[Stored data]
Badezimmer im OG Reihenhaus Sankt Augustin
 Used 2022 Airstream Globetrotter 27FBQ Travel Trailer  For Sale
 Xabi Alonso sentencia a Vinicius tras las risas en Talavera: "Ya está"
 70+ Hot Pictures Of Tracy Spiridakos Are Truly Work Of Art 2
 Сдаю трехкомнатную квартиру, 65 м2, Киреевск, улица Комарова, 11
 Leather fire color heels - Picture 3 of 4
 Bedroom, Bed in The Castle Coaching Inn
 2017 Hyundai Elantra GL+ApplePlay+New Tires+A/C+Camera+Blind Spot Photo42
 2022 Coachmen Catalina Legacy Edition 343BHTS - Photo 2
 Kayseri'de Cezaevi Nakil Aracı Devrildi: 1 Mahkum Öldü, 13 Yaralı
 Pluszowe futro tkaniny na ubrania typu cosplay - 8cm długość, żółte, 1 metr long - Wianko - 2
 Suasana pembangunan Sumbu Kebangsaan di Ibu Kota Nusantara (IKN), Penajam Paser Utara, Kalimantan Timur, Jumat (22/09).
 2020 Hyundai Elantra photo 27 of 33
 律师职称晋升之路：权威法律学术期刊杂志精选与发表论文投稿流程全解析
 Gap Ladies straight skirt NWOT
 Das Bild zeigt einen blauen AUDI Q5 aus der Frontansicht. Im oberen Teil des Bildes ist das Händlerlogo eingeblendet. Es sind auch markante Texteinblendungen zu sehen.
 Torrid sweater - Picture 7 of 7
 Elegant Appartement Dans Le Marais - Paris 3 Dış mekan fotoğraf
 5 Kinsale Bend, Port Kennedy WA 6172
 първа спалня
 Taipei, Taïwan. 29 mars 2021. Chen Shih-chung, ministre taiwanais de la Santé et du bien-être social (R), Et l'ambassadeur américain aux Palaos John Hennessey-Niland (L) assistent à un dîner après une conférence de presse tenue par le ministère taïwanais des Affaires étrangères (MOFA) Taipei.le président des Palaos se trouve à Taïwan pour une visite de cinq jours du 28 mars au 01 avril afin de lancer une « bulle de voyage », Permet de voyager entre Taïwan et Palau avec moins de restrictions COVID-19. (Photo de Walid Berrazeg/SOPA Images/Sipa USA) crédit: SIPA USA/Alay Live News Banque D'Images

● **Activity**: From the records above, copy out the line with "Elegant Appartement Dans", the line with "първа спалня", and every line between them, word for word.

● **Solution to this problem**:
 Elegant Appartement Dans Le Marais - Paris 3 Dış mekan fotoğraf
 5 Kinsale Bend, Port Kennedy WA 6172
 първа спалня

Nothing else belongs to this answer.